Итак, чаемое кое-кем «дело» по образцу и подобию дел Хайдеггера и Пола де Мана складываться не желает. Лучше всего в весьма лапидарной форме ситуацию с ним подытожил в 1998 году Жан-Люк Нанси: «Похоже, с дрязгами вокруг Бланшо не кончено — по крайней мере со стороны тех, кто все это затеял… Сколько понадобится еще времени, чтобы исчерпать этот бесполезный и несостоятельный случай?.. Пора наконец заявить, что… эти разборки морально (или политически) смехотворны, а литературно (и философски) бессодержательны». Что изменилось в результате этих разборок? Несмотря на все доводы, поднятый ими шлейф молвы породил своего рода презумпцию — если не вины, то виноватости Бланшо. Дебатируется тема политической подоплеки его литературной теории. Укоренился и «половинчатый» вопрос о — потенциально беспринципной — «смене вех», полной политической переориентации Бланшо, — кто знает, то ли в результате внутренней эволюции, то ли под гнетом внешних обстоятельств (есть и крайняя точка зрения: вся его проза — закамуфлированное отстаивание фашистской идеологии). Может быть, как раз нам, из нашего посткоммунистического далека, шокирующая многих на Западе резкая политическая переориентация не покажется такой уж удивительной: мы-то знаем, что во взаимоотношении — противостоянии — системы политических ориентиров и индивидуума куда важнее его верность самому себе; ведома нам и скорость, с которой переименовываются эти ориентиры и правое начинает путаться с левым; мне, например, представляется (я отнюдь не призываю при этом вычитывать в «правых» статьях, скажем, идеи «Манифеста»), что Бланшо в общем и целом оставался верен своим внутренним убеждениям, а изменение политических ярлыков свидетельствует скорее об относительности и двусмысленности последних — а также о его умении ускользать от ловушек как левой, так и правой идеологии…
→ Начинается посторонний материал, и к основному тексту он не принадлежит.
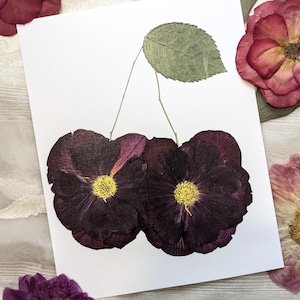 Könnte beinhalten: Ein gepresster Blumenkunst-Druck mit zwei dunkelvioletten Rosenblüten mit gelben Zentren, die so angeordnet sind, dass sie einem Paar Kirschen mit einem grünen Blattstiel ähneln.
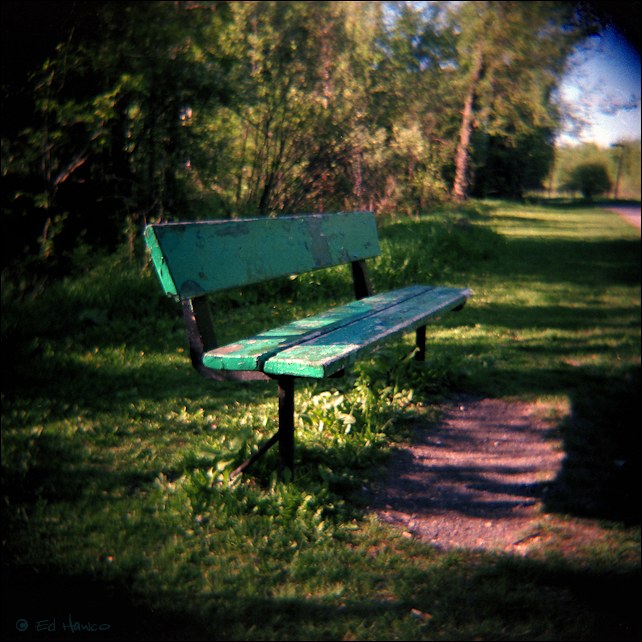 Bench, Longueuil Regional Park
Хотя и политика, и дружба остаются на полях этой книги, все же ее текст, сам ход ее размышления вписан в тот неустрашимый зазор, который, как заметил еще Аристотель, существует между филией и политией; в ту бездонную пустоту, которую пропустил через себя Фуко и, понимая всю безнадежность своего предприятия — именно поэтому, — тщится заполнить Бланшо; в ту зону межличностного сообщения, где перед лицом Другого каждый неминуемо остается наедине с собой и должен сделать свой собственный выбор. А посему, можно вместе с Тодоровым требовать от Бланшо письменного покаяния в сотрудничестве с одиозными изданиями и движениями, или же вспомнить еще одну внезапную обмолвку Фуко, в раздражении поставившего точку, не начиная полемики со своими гонителями: «Бланшо учит, что критика начинается с внимания, участия и щедрости», — а можно и причислить себя к тем, кому Бланшо посвятил «За дружбу»: «Всем моим друзьям, известным и неизвестным, близким и далеким», — слова, которые как нельзя лучше подходят и к этой книге, ведь она по сути является своего рода диалогом, косвенно, по решительно противостоящей полемике двухголосной инвенцией, и я не могу под конец удержаться от вопроса: чей голос здесь слышнее, Фуко пли Бланшо?.